B. The Government's reply

B. The Government's reply
  1. 339. In its reply the Government regrets that the Ministry of Labour and Social Protection was not informed by the National Trade Union Bloc or the complainant federation of their intentions to make a complaint to the ILO on this matter.
  2. 340. However, the Government points out that it organized over the last two and three months comprehensive consultations with all the trade union organizations and employers at the national level on the revision of legislation respecting the legal basis of employment relationships, and in particular on collective agreements, labour disputes and the establishment of a tripartite mechanism for social dialogue. As a result of these consultations, the Government states that it will place before Parliament, before 15 December 1994, a bill on collective agreements which will, in particular, include the establishment of a social and economic council, a tripartite advisory body.

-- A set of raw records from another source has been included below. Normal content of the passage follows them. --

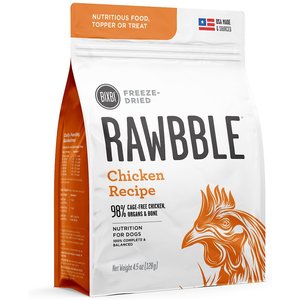 BIXBI Rawbble Chicken Recipe Grain-Free Freeze-Dried Dog Food, 4.5-oz bag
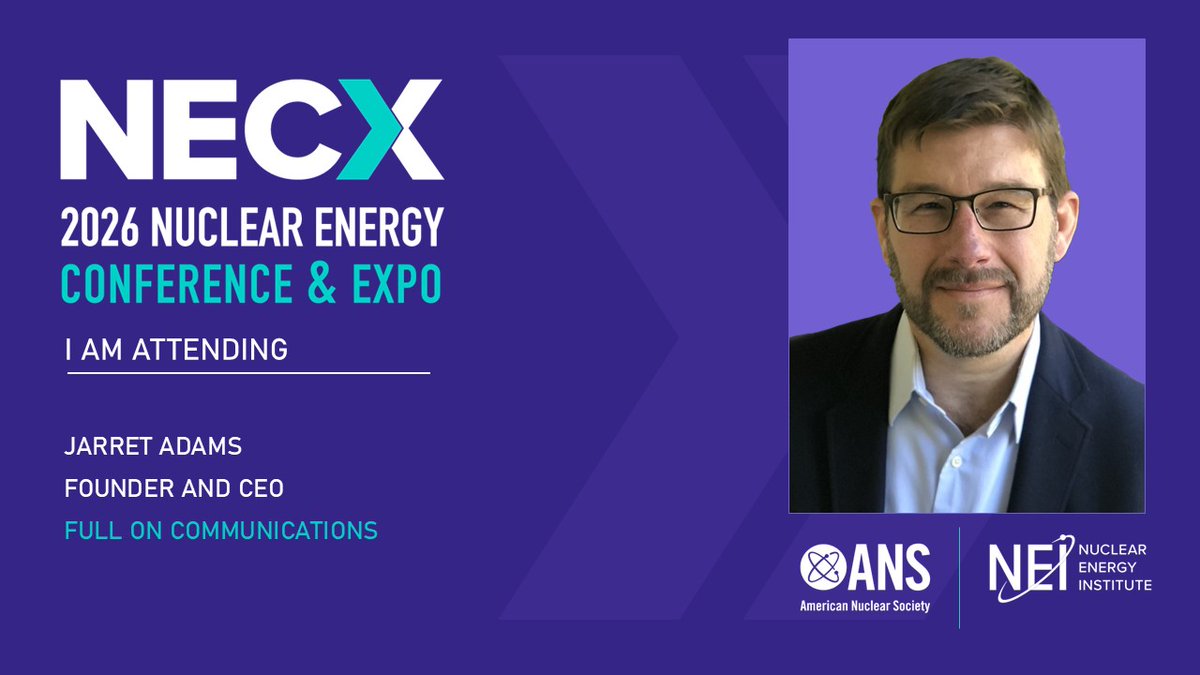 jarretadams's tweet photo. The nuclear energy sector is undergoing a period of extraordinary growth and transformation. 

Look forward to seeing colleagues old and new at #NECX2026, hosted by @ANS_org and @NEI, in Dallas next week.

Let's connect if you want to discuss how our team at @fulloncom can help you connect with those who matter most and seize this unique opportunity.

Learn more: https://t.co/rNdW0Qc2yh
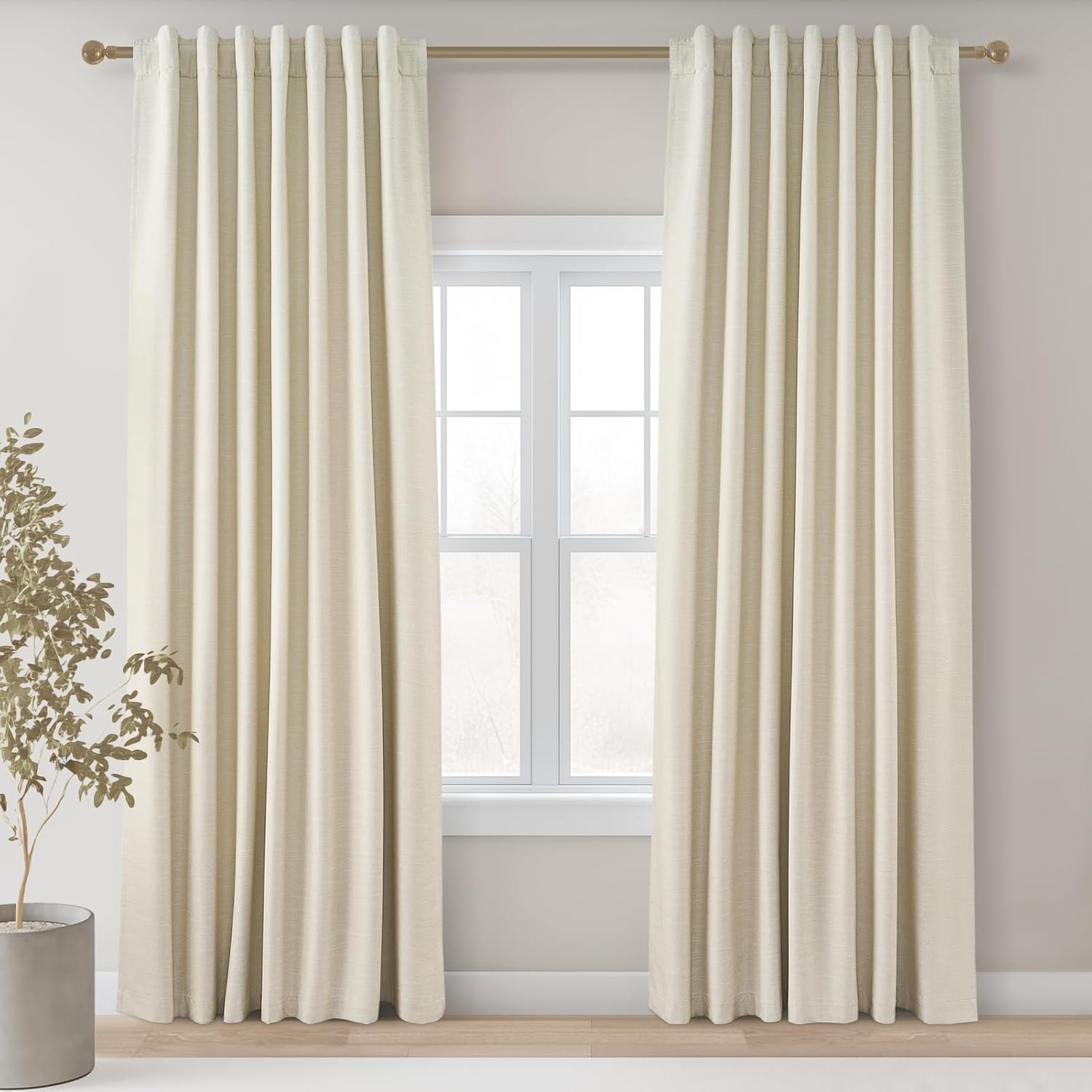 Cream Ivory Blackout Curtains & Drapes 84 Inch Length, Beige Pinch Pleat Full Bl
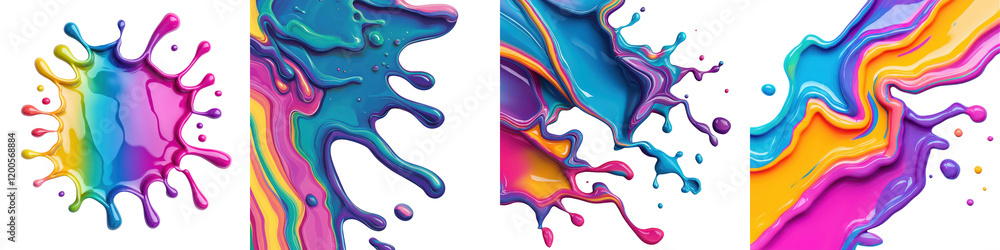 Poster captivating abstract fluid art composition featuring a dynamic blend of vibrant colors flowing shape
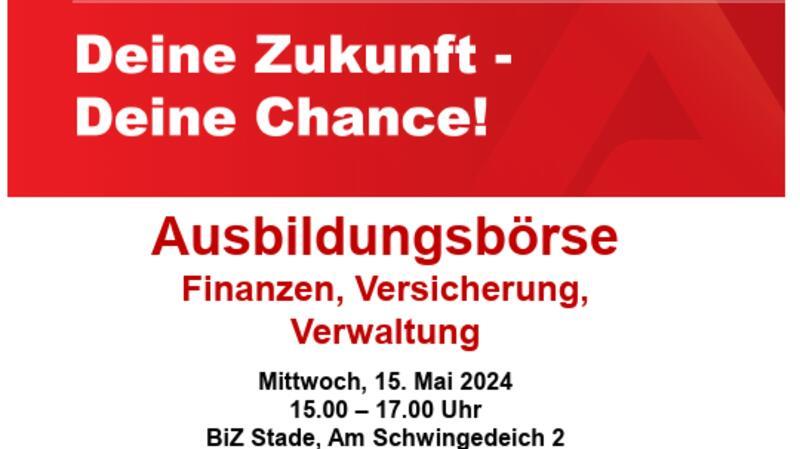 Ausbildungsmesse für die Bereiche Finanzen, Versicherungen und Verwaltung Bei der Ausbildungsmesse „Deine Zukunft - deine Chance!“ präsentieren sich zehn Unternehmen und Organisationen aus der Region aus den Bereichen Finanzen, Versicherungen und Öffentliche Verwaltung.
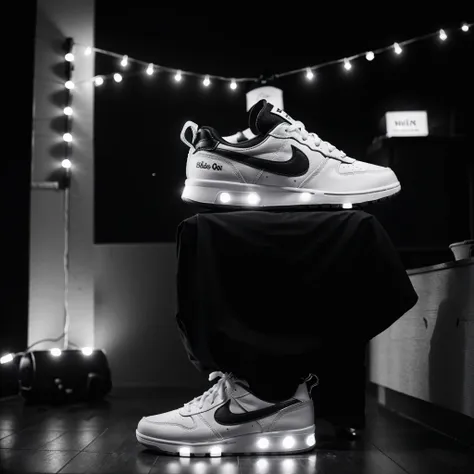 Make a banner of a white mens shoe (just the shoe) with a background of black and white lights.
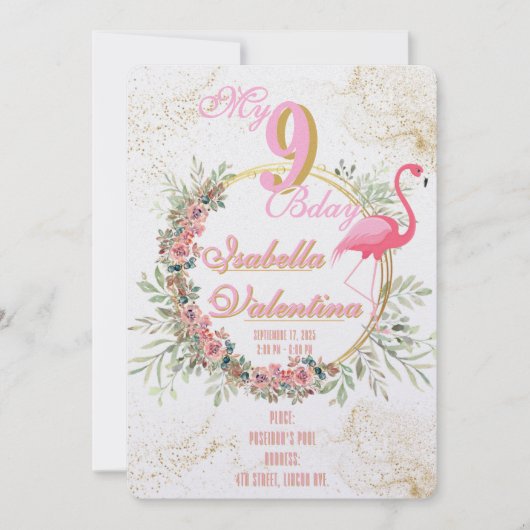 Flamingo's Birthday Invitation Template Feestdagenkaart (Voorkant)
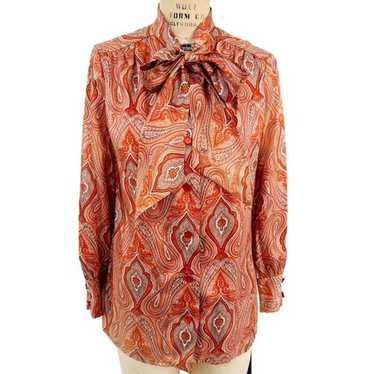 VINTAGE DAVID BARR Paisley Print Tie Neck Blouse … - image 1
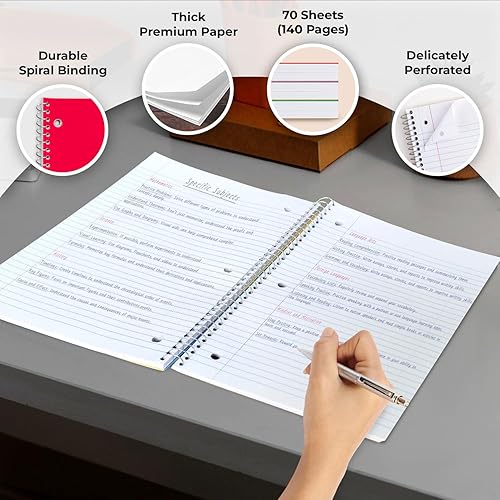 Miniatura 2 de Rosmonde Cuaderno de espiral de 1 materia, paquete de 12, con rayas universitarias, cubierta resistente al agua, 140 páginaslibro grueso (70 hojas),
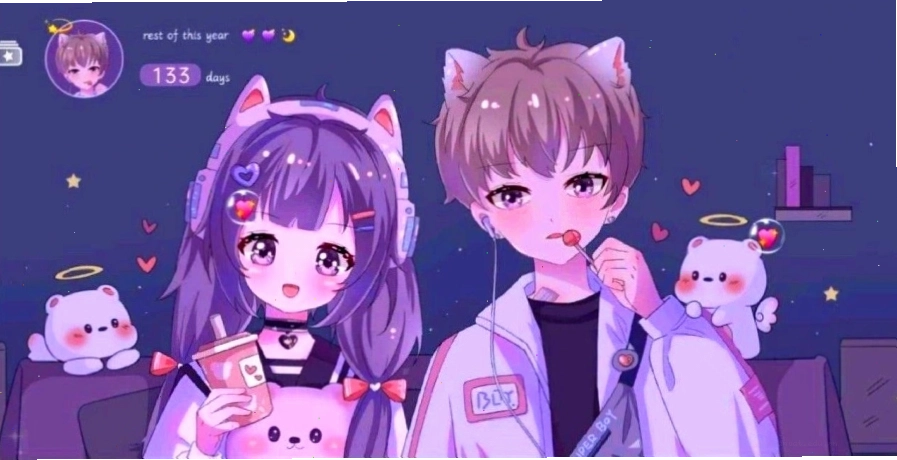 Hình nền máy tính Anime cute 4 với gam màu tươi sáng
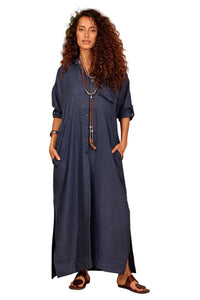 Yacamim Navy Blue Loose Long Shirt with Rolled-Up Sleeves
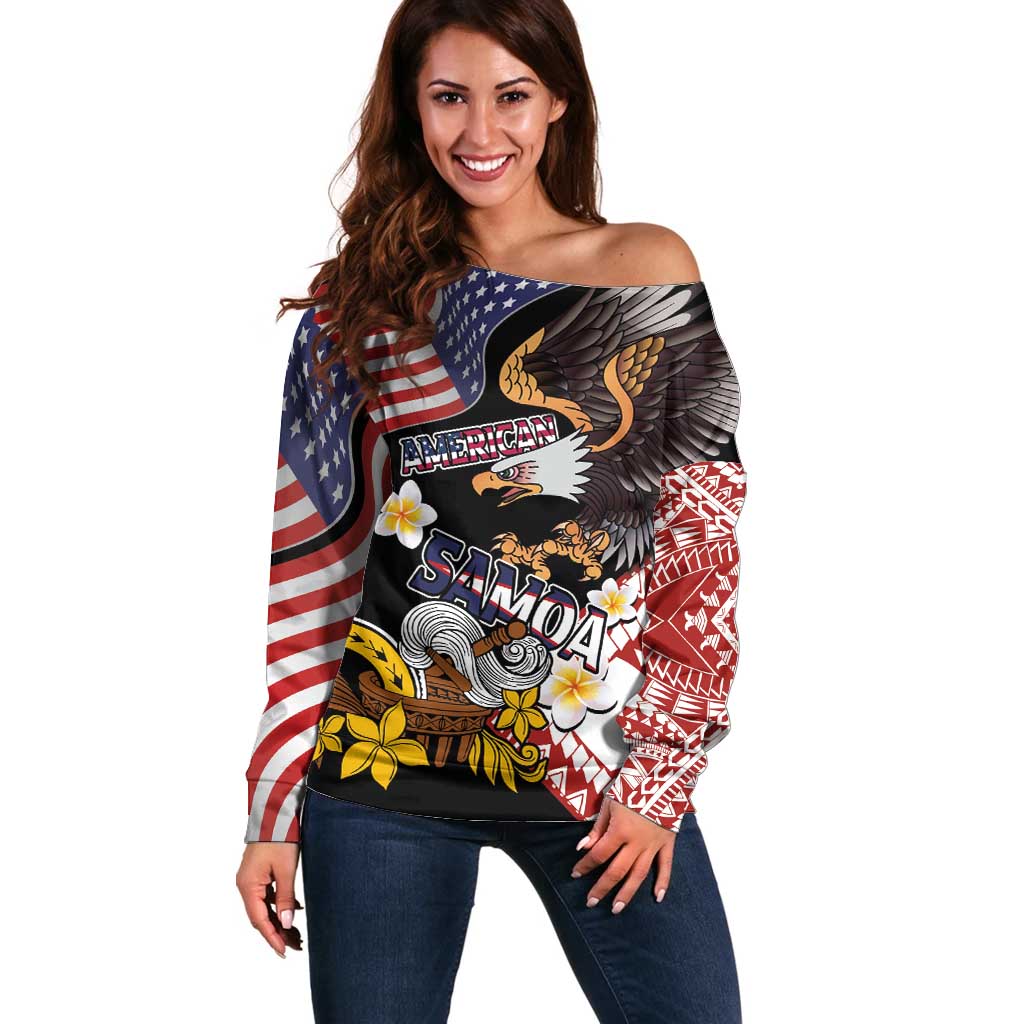 United States and American Samoa Together Off Shoulder Sweater Bald Eagle and Polynesian Traditional Culture with Plumeria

  3. 341. More specifically, the Government points out in connection with the request by the complainant organizations for the amendment of provisions of Acts No. 13 on collective labour agreements, No. 15 on the settlement of labour disputes and No. 54 on freedom of association that under article 58 of the Constitution of Romania, only Parliament is authorized to legislate. Under the provisions of article 73 of the Constitution, the Government has only the power to initiate legislation.
  4. 342. The legislative demands made by the complainants are not well founded. As regards the complaint that the SNCFR, the Government and the judicial authorities deprived the federation and its members of the right to the free bargaining of their conditions of work by collective agreements, the Government states that contrary to the claim made by the complainants, sections 1 and 2 of Act No. 13 apply the provisions of Convention No. 98. They stipulate the following: "Section 1. A collective labour agreement is an agreement concluded between employers and employees which establishes, within the limits prescribed by the law, clauses respecting conditions of work, wages and the other rights and obligations resulting from the employment relationship". "Article 2. The parties to the collective agreement are equal and free in the negotiation of these clauses".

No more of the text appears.